Unia Europejska chce zmusić kraje Wspólnoty do surowszego karania największych trucicieli środowiska naturalnego. Czy przestępstwa ekologiczne będą skutecznie ścigane?
Zatruwanie środowiska, czyli zabijanie ludzi
Komisja Europejska proponuje, by za tzw. drobne przestępstwo ekologiczne maksymalny wymiar kary wynosił aż 3 lata więzienia. Kłopot w tym, że definicja tego rodzaju czynów nie jest precyzyjna. W ten sposób mogliby zostać ukarani ci, którzy np. w lesie wyrzucają swoje śmieci, ale także ci, którzy palą w piecach centralnego ogrzewania stare opony i plastiki. Za świadome zatruwanie środowiska naturalnego ma grozić maksymalnie 10 lat więzienia. Ale jak udowodnić działanie świadome?

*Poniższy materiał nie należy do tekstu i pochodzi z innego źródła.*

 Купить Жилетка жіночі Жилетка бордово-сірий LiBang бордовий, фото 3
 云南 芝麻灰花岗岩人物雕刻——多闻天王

To może być ostrzeżenie dla tych, którzy z oszczędności wyłączają energochłonne filtry na dymiących kominach albo nielegalnie wypuszczają skażone ścieki do rzeki. Z kolei do 5 lat w więzieniu spędzą ci, którzy zatruwając środowisko naturalne, nieumyślnie spowodują śmierć człowieka. Także w tym przypadku problemem może być bezsporne udowodnienie winy. O tym, że w pobliżu elektrowni czy energociepłowni żyje się krócej, wiadomo ze statystyk, ale konkretnego przypadku śmiertelnego nie sposób powiązać z zatruwaniem środowiska.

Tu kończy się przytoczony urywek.